The Mall School is an independent preparatory school for boys, in Twickenham, London. The school accommodates pupils in Reception at the age of 4, before leaving for senior schools at the age of 11.

Facilities
The school buildings consist of the main site accommodating pupils from Year 2 through to Year 6, and a separate "Pre-Prep" building, a few minutes' walk from the main site, accommodating pupils in Reception and Year 1.

The facilities at the main site include a 160-seat theatre, a science block and garden, art and music studios, an ICT suite, and library.  Interactive classroom whiteboards are provided throughout most of the school.  An indoor swimming pool and sports hall are on site;  use is also made of rugby and football pitches at St.James' Primary School, and cricket pitches and athletics facilities at Bushy Park.

School structure
In 2017 the school announced it was to phase out the sitting of the Common Entrance examination at age 13 (Year 8) and the two academic years leading up to them.
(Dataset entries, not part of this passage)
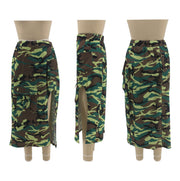 Camouflage Print Split Long Skirt QYMF D3004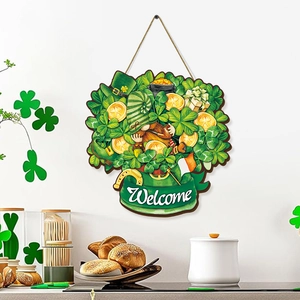 Detail of St. Patrick's Day gnome welcome sign with clovers and gold coins on kitchen wall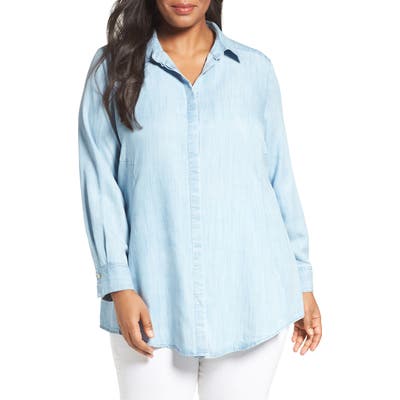 Plus Size Foxcroft Chambray Tunic, Blue
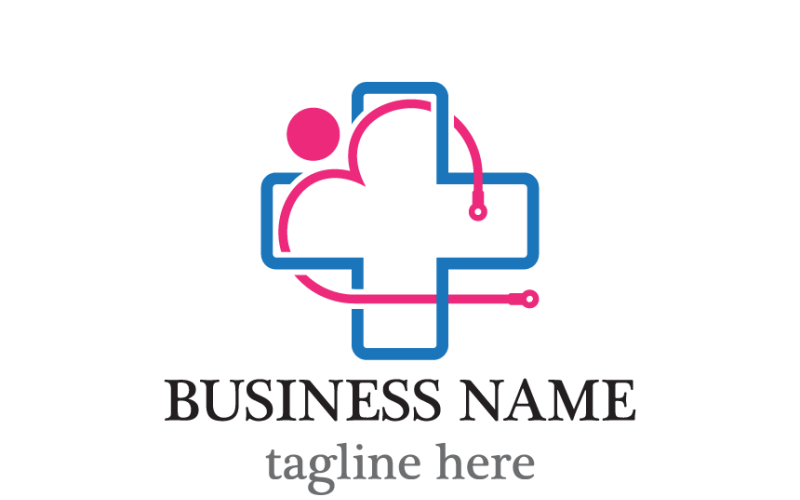 Medical Heart with People Logo Template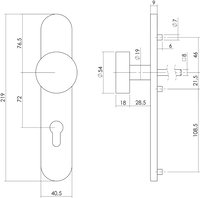 Intersteel Knopf auf Schild mit Profilzylinder-Lochung 72 mm Edelstahl gebürstet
All boys would select their future schools in Year 6 and, if required, sit 11+ entrance exams for them, and then leave at the age of 11. This change was made in order to follow the trend of senior schools preferring to admit the majority of their pupils at that age.  The first 11+ cohort left in the summer of 2019, and the last 13+ cohort in the summer of 2020.

Some pupils may go on to the leading London day schools, including St. Paul's School, Hampton School and King's College School. Others go to a wide range of single-sex and coeducational day schools including Kingston Grammar School, as well as state grammar schools including Tiffin.

Link with Chitsime School (Malawi) 
The Mall School has had a partnership with Chitsime School in Malawi since 2009.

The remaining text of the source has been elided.